Befreit von allen Zwängen der kapitalistischen Konsumwelt

Die Berliner Verkehrsbetriebe hatten hatten wieder mal einen Pendelverkehr eingerichtet. Auf dem Bahnsteig der U-Bahn zog ein riesengroßer Schäferhund einen kleinen Mann an der Leine hinter sich her. Der Hund knurrte gefährlich und der Mann lächelte gequält. Die Passanten auf dem Bahnsteig machten Platz und gingen dem Paar aus dem Weg.

Plötzlich erkannte ich den Hundebesitzer: Es war mein ehemaliger Nachbar Frank – ein großer Tierfreund und engagierter Sozialpädagoge. Vor einem Jahr war er nach Sibirien gefahren, um dort in einem halb verlassenen Dorf namens „Krasnojar“ ein Zentrum für Erlebnispädagogik aufzubauen. Seitdem hatte ich ihn nicht mehr gesehen.
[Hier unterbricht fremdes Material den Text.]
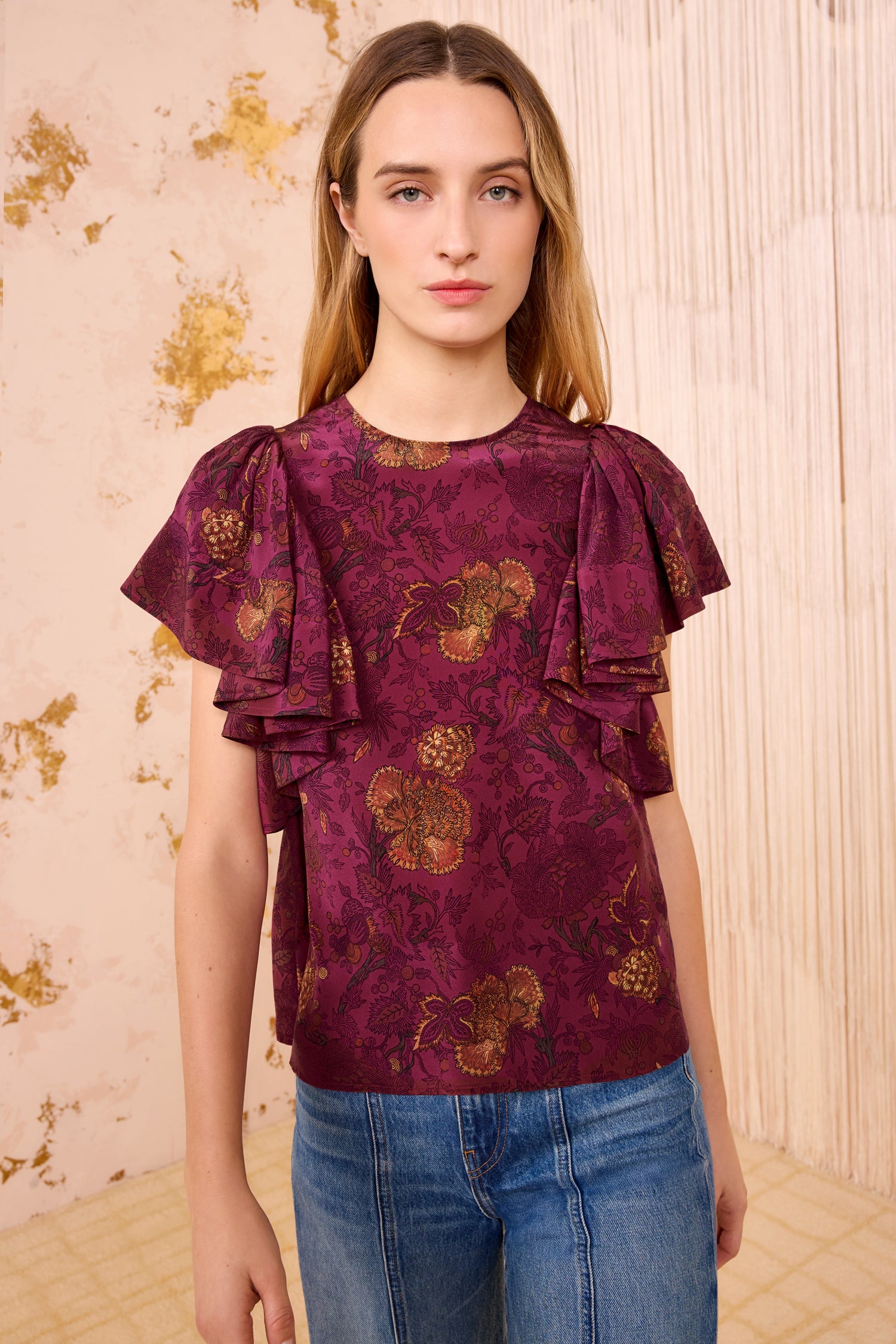 Lena Silk Flutter Sleeve Blouse - Peony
Frank freute sich, als er mich sah. Er war eigentlich nur schnell mal für ein paar Tage nach Berlin gekommen, um einen kleinen Neonazi abzuholen, erzählte er mir. Am nächsten Tag wollte er schon wieder zurück nach Krasnojar abdüsen. Die Erlebnispädagogik laufe dort unten besser als erwartet, das Zentrum sei immer überfüllt. Aus allen Bundesländern schicke man Jugendliche zu ihnen in die sibirische Erlebnistherapie. „Eigentlich habe ich schon die Nase gestrichen voll davon“, meinte Frank lachend. „Diejenigen, die davon am meisten profitieren, sind unsere Kollegen in Deutschland.“

Hierzulande deckt die Sozialpädagogik wie ein Netz alle Auswüchse der Gesellschaft ab: Für alles und jeden gibt es eine Extra- Einrichtung – für Drogensüchtige, kindliche Autodiebe, Jungalkoholiker, Neonazis, Babystricher, unreife Schläger, weggelaufene Waisenkinder usw. Doch wenn einer nicht in diese Klischees reinpasst: ein elternloser, drogenabhängiger Neonazi zum Beispiel oder ein gewalttätiger Stricher, der Autos klaut und Alkoholprobleme hat – „so einen will hier niemand haben: Solche Jugendliche sind auf sich selbst gestellt und landen schließlich beim Sozialamt, wo sie Angst und Schrecken unter den Sachbearbeiterinnen verbreiten. In solchen Fällen ist die Erlebnispädagogik ein wahrer Gottessegen für sie.“ Sie schicken ihre Klienten für ein Jahr nach Sibirien und genießen weiter ihre Ruhe. „Sibirien ist bestimmt eine harte Probe für die Jungs. Haben sie dort eigentlich Kontakt zu den Einheimischen?“, fragte ich Frank. Viel zu engen Kontakt sogar, meinte er. Und eine harte Probe sei es für sie auch nicht, eher das Paradies.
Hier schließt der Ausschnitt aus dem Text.